Problem to work on:
Print the data that follows, exactly and completely.

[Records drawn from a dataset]

====

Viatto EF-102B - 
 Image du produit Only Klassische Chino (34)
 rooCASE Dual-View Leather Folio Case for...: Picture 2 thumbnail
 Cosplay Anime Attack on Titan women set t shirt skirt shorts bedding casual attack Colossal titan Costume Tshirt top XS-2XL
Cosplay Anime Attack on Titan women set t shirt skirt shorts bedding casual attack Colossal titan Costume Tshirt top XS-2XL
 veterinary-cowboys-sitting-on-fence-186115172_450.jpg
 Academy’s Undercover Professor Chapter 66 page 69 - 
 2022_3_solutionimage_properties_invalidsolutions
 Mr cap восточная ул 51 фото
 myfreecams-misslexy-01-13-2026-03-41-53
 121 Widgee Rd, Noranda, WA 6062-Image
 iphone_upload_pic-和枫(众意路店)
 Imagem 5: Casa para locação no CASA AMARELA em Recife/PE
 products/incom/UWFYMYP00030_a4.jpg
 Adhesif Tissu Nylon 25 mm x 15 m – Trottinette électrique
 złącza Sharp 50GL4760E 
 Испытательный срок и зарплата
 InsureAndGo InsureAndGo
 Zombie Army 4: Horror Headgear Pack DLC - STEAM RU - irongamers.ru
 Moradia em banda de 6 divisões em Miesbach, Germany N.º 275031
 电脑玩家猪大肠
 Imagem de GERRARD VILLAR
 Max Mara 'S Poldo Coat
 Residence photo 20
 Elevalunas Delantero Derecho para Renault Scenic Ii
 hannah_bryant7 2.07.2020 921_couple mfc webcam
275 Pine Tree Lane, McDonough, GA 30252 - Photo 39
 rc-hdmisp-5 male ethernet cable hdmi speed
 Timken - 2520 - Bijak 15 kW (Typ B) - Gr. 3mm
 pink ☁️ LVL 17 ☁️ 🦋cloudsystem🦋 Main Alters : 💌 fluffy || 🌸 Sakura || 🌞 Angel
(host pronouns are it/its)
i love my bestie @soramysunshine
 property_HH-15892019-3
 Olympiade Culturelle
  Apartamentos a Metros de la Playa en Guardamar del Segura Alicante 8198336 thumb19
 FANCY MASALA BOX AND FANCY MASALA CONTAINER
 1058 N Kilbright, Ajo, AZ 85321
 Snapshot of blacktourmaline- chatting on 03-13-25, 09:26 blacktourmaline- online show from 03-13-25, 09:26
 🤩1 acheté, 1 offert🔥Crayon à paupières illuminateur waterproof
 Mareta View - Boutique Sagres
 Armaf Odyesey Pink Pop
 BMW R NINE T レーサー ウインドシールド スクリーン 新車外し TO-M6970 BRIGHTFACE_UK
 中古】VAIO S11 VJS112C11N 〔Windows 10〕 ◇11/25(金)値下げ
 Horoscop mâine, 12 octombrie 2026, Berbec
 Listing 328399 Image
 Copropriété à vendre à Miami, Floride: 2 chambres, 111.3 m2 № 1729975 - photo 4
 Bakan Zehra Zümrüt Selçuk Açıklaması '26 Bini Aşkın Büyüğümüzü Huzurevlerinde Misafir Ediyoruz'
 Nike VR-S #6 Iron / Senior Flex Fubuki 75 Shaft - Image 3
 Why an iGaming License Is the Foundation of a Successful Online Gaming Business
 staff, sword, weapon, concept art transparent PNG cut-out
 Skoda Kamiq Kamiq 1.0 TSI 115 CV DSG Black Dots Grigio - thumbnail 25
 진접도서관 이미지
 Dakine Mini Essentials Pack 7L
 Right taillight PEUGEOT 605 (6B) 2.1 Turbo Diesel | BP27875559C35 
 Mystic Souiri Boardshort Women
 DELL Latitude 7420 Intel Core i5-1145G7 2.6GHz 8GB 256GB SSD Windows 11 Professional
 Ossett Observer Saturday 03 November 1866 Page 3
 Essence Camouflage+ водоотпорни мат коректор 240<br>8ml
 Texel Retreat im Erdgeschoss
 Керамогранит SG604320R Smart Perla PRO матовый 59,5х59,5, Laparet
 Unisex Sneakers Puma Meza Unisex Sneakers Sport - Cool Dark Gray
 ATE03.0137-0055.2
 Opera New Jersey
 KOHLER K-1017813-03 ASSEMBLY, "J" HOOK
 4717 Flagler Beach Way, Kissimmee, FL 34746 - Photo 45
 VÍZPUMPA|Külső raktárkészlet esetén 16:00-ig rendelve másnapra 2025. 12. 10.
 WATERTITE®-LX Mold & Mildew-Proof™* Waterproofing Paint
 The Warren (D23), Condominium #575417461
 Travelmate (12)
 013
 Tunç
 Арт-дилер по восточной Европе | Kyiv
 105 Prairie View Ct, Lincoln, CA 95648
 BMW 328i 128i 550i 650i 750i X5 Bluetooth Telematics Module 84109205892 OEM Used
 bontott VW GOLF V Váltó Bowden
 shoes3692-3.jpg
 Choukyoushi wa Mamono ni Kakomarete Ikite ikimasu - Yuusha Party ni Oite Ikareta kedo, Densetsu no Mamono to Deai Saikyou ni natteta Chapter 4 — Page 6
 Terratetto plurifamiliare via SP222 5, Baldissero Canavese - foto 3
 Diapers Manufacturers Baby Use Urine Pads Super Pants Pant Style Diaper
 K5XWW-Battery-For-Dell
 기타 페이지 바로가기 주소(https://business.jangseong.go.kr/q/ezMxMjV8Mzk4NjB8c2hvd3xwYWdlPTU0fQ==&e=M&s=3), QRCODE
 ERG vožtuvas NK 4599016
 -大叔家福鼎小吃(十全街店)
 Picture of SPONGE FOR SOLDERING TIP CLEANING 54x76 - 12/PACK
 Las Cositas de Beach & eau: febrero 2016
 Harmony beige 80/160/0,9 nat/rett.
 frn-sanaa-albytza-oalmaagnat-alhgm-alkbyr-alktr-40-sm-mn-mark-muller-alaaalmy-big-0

====

Written reply:
Viatto EF-102B - 
 Image du produit Only Klassische Chino (34)
 rooCASE Dual-View Leather Folio Case for...: Picture 2 thumbnail
 Cosplay Anime Attack on Titan women set t shirt skirt shorts bedding casual attack Colossal titan Costume Tshirt top XS-2XL
Cosplay Anime Attack on Titan women set t shirt skirt shorts bedding casual attack Colossal titan Costume Tshirt top XS-2XL
 veterinary-cowboys-sitting-on-fence-186115172_450.jpg
 Academy’s Undercover Professor Chapter 66 page 69 - 
 2022_3_solutionimage_properties_invalidsolutions
 Mr cap восточная ул 51 фото
 myfreecams-misslexy-01-13-2026-03-41-53
 121 Widgee Rd, Noranda, WA 6062-Image
 iphone_upload_pic-和枫(众意路店)
 Imagem 5: Casa para locação no CASA AMARELA em Recife/PE
 products/incom/UWFYMYP00030_a4.jpg
 Adhesif Tissu Nylon 25 mm x 15 m – Trottinette électrique
 złącza Sharp 50GL4760E 
 Испытательный срок и зарплата
 InsureAndGo InsureAndGo
 Zombie Army 4: Horror Headgear Pack DLC - STEAM RU - irongamers.ru
 Moradia em banda de 6 divisões em Miesbach, Germany N.º 275031
 电脑玩家猪大肠
 Imagem de GERRARD VILLAR
 Max Mara 'S Poldo Coat
 Residence photo 20
 Elevalunas Delantero Derecho para Renault Scenic Ii
 hannah_bryant7 2.07.2020 921_couple mfc webcam
275 Pine Tree Lane, McDonough, GA 30252 - Photo 39
 rc-hdmisp-5 male ethernet cable hdmi speed
 Timken - 2520 - Bijak 15 kW (Typ B) - Gr. 3mm
 pink ☁️ LVL 17 ☁️ 🦋cloudsystem🦋 Main Alters : 💌 fluffy || 🌸 Sakura || 🌞 Angel
(host pronouns are it/its)
i love my bestie @soramysunshine
 property_HH-15892019-3
 Olympiade Culturelle
  Apartamentos a Metros de la Playa en Guardamar del Segura Alicante 8198336 thumb19
 FANCY MASALA BOX AND FANCY MASALA CONTAINER
 1058 N Kilbright, Ajo, AZ 85321
 Snapshot of blacktourmaline- chatting on 03-13-25, 09:26 blacktourmaline- online show from 03-13-25, 09:26
 🤩1 acheté, 1 offert🔥Crayon à paupières illuminateur waterproof
 Mareta View - Boutique Sagres
 Armaf Odyesey Pink Pop
 BMW R NINE T レーサー ウインドシールド スクリーン 新車外し TO-M6970 BRIGHTFACE_UK
 中古】VAIO S11 VJS112C11N 〔Windows 10〕 ◇11/25(金)値下げ
 Horoscop mâine, 12 octombrie 2026, Berbec
 Listing 328399 Image
 Copropriété à vendre à Miami, Floride: 2 chambres, 111.3 m2 № 1729975 - photo 4
 Bakan Zehra Zümrüt Selçuk Açıklaması '26 Bini Aşkın Büyüğümüzü Huzurevlerinde Misafir Ediyoruz'
 Nike VR-S #6 Iron / Senior Flex Fubuki 75 Shaft - Image 3
 Why an iGaming License Is the Foundation of a Successful Online Gaming Business
 staff, sword, weapon, concept art transparent PNG cut-out
 Skoda Kamiq Kamiq 1.0 TSI 115 CV DSG Black Dots Grigio - thumbnail 25
 진접도서관 이미지
 Dakine Mini Essentials Pack 7L
 Right taillight PEUGEOT 605 (6B) 2.1 Turbo Diesel | BP27875559C35 
 Mystic Souiri Boardshort Women
 DELL Latitude 7420 Intel Core i5-1145G7 2.6GHz 8GB 256GB SSD Windows 11 Professional
 Ossett Observer Saturday 03 November 1866 Page 3
 Essence Camouflage+ водоотпорни мат коректор 240<br>8ml
 Texel Retreat im Erdgeschoss
 Керамогранит SG604320R Smart Perla PRO матовый 59,5х59,5, Laparet
 Unisex Sneakers Puma Meza Unisex Sneakers Sport - Cool Dark Gray
 ATE03.0137-0055.2
 Opera New Jersey
 KOHLER K-1017813-03 ASSEMBLY, "J" HOOK
 4717 Flagler Beach Way, Kissimmee, FL 34746 - Photo 45
 VÍZPUMPA|Külső raktárkészlet esetén 16:00-ig rendelve másnapra 2025. 12. 10.
 WATERTITE®-LX Mold & Mildew-Proof™* Waterproofing Paint
 The Warren (D23), Condominium #575417461
 Travelmate (12)
 013
 Tunç
 Арт-дилер по восточной Европе | Kyiv
 105 Prairie View Ct, Lincoln, CA 95648
 BMW 328i 128i 550i 650i 750i X5 Bluetooth Telematics Module 84109205892 OEM Used
 bontott VW GOLF V Váltó Bowden
 shoes3692-3.jpg
 Choukyoushi wa Mamono ni Kakomarete Ikite ikimasu - Yuusha Party ni Oite Ikareta kedo, Densetsu no Mamono to Deai Saikyou ni natteta Chapter 4 — Page 6
 Terratetto plurifamiliare via SP222 5, Baldissero Canavese - foto 3
 Diapers Manufacturers Baby Use Urine Pads Super Pants Pant Style Diaper
 K5XWW-Battery-For-Dell
 기타 페이지 바로가기 주소(https://business.jangseong.go.kr/q/ezMxMjV8Mzk4NjB8c2hvd3xwYWdlPTU0fQ==&e=M&s=3), QRCODE
 ERG vožtuvas NK 4599016
 -大叔家福鼎小吃(十全街店)
 Picture of SPONGE FOR SOLDERING TIP CLEANING 54x76 - 12/PACK
 Las Cositas de Beach & eau: febrero 2016
 Harmony beige 80/160/0,9 nat/rett.
 frn-sanaa-albytza-oalmaagnat-alhgm-alkbyr-alktr-40-sm-mn-mark-muller-alaaalmy-big-0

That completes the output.